Briefly, two employees of an Illinois employer were killed and third injured in an industrial accident. OSHA investigated, and concluded from initial findings the employees did not receive safety training and the employer did not provide safety equipment. To continue its investigation OSHA then subpoenaed the employer’s workers compensation insurance company for records and inspection documents in an effort to obtain more information. The employer objected but was overruled in court.
In fact, OSHA has always had the ability to subpoena such records. Communications between an insurance company and a policyholder are not confidential or protected information. The problem for employers is that they routinely allow insurance companies onto their premises for loss prevention services and safety inspections without ever considering that information in the resulting reports could be used against them in the future.
It’s a Catch-22. Loss prevention engineers and safety consultants are an important resource for any employer seeking to control and minimize work related injuries and claim costs.
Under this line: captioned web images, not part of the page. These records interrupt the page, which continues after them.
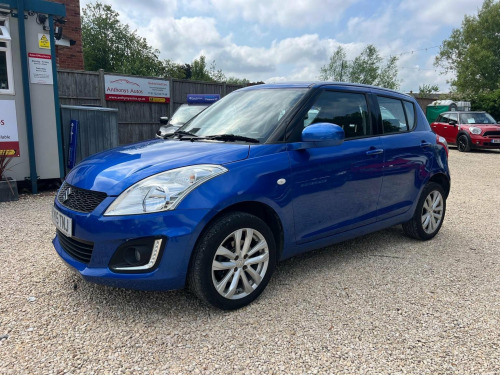 Suzuki Swift  1.2 SZ3 ALLGRIP Euro 5 5dr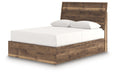 Chirason Bed - Nick's Furniture (IL)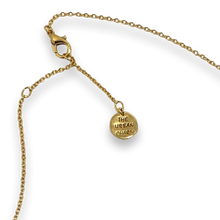 Load image into Gallery viewer, Chakra Balance Necklace with Natural Gemstones and Charm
However, every time a safety consultant writes a report a document has been created; an inspection report that notes deficiencies can come back to hurt an employer in the future if not properly addressed.
Employers should certainly continue to rely on insurance company resources to control workers compensation costs, but you can’t just put any reports or communications received from engineers or insurance companies in a drawer and forget about them. If a report makes recommendations you must document your response. If you comply with a recommendation, it should be noted; if a recommendation is unrealistic or unworkable some form of compromise response should be discussed with the insurer, and documented. In every case you need to remember that any time you get a report from an insurance company, that report, and your responses, create a paper trail that could resurface in the future and potentially be used against you.
Here’s the rest of the story: after the subsequent investigation, and based in part on the information uncovered from the subpoenaed inspection records, OSHA issued 25 citations and fined the employer $555,000.
New Catastrophe Models
Catastrophe models have long guided insurers and reinsurers in the way they set capacity and pricing models for property insurance. The recently updated hurricane model from a major industry source features significant changes such as higher inland wind speeds, increases in building vulnerability, updates of secondary modifiers like roof type and construction, and increases in modeled storm surge losses. These all reflect new knowledge gained from real experience with recent storms and improvements in models accumulated over a number of years.
What does it mean to you? Insurance companies who might have been careful up to now to limit their exposure to catastrophe exposed coastal properties based on reliance on earlier models may now find their PML (Probable Maximum Loss) increased by as much as 150% to 200% based on these new models of inland exposures. That can translate into reduced willingness to retain risk, greater reliance on reinsurance, higher prices, and bigger deductibles.
Coastal risks are already seeing higher windstorm deductibles on properties even further inland from the coast than before. These deductibles are often somewhat disarmingly expressed as a per cent of TIV (Total Insured Value), often in the 1-2% range. Think about that a little more closely, though…a 40,000 square foot commercial building can easily have an insurable replacement value of $5 million; add another $5 million for contents, and $5 million for business income and extra expense, and a relatively modest building ends up with a TIV of $15 million. The owner of that building who accepted a deductible for wind or hail of one per cent of TIV now has a deductible for such losses of $150,000. That’s a pretty big deductible.
As the insurance market slowly stabilizes and starts to harden you will be likely to see this a lot more often in the future. We’ll be keeping an eye on this for you.